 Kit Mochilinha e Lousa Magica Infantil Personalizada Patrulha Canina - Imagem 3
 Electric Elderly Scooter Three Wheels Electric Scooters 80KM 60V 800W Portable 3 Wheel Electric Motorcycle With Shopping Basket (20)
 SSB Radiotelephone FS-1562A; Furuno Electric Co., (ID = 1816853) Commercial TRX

★ ★ ★

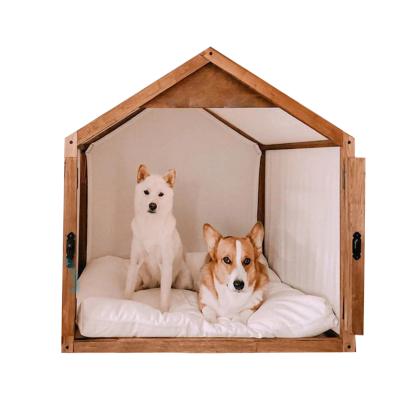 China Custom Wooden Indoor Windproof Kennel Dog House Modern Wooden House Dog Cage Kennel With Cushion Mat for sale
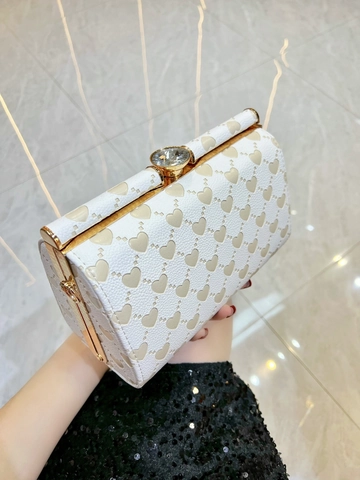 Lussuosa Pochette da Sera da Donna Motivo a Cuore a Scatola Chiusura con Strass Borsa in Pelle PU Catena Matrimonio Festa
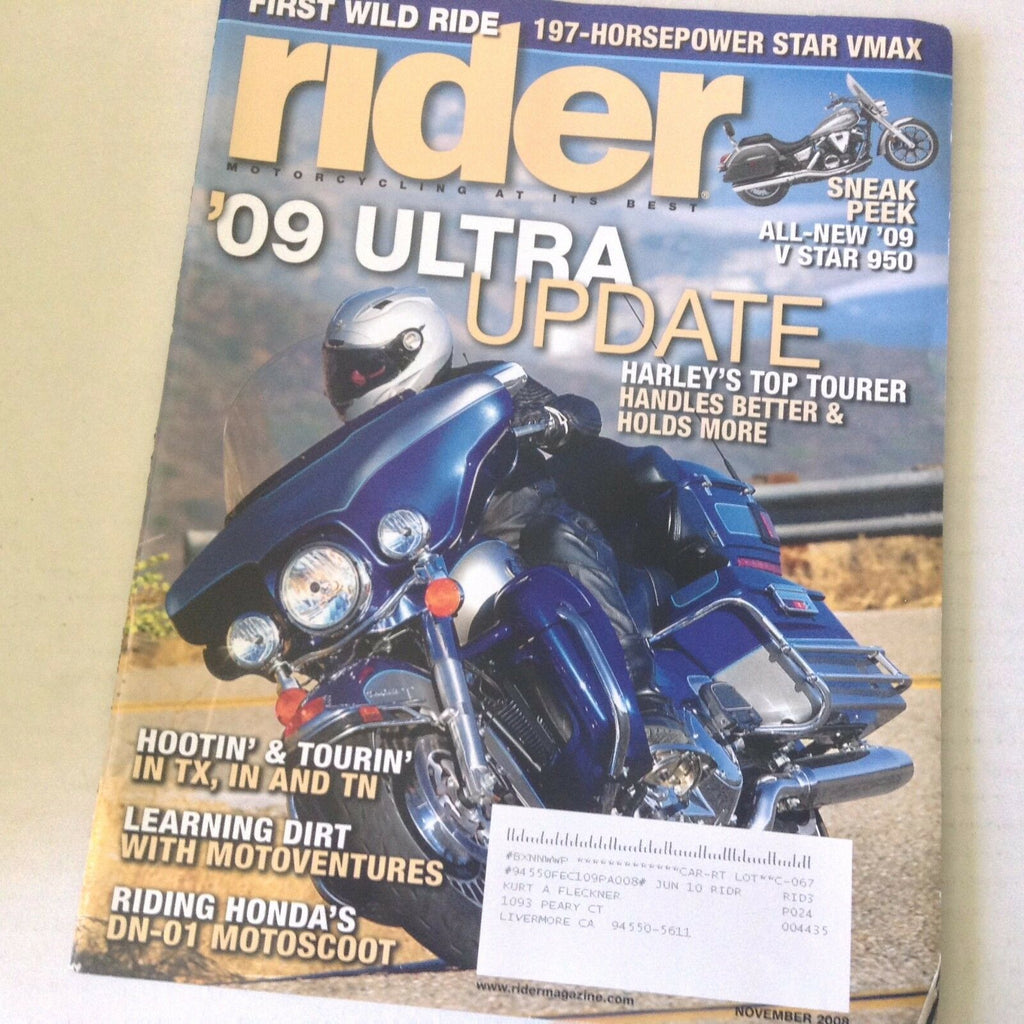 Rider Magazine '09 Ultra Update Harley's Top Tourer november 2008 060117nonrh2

★ ★ ★

#### WHAT IS NEEDED
Extract all lines from the data in which "Electric" is found.

#### ANSWER SECTION
 Electric Elderly Scooter Three Wheels Electric Scooters 80KM 60V 800W Portable 3 Wheel Electric Motorcycle With Shopping Basket (20)
 SSB Radiotelephone FS-1562A; Furuno Electric Co., (ID = 1816853) Commercial TRX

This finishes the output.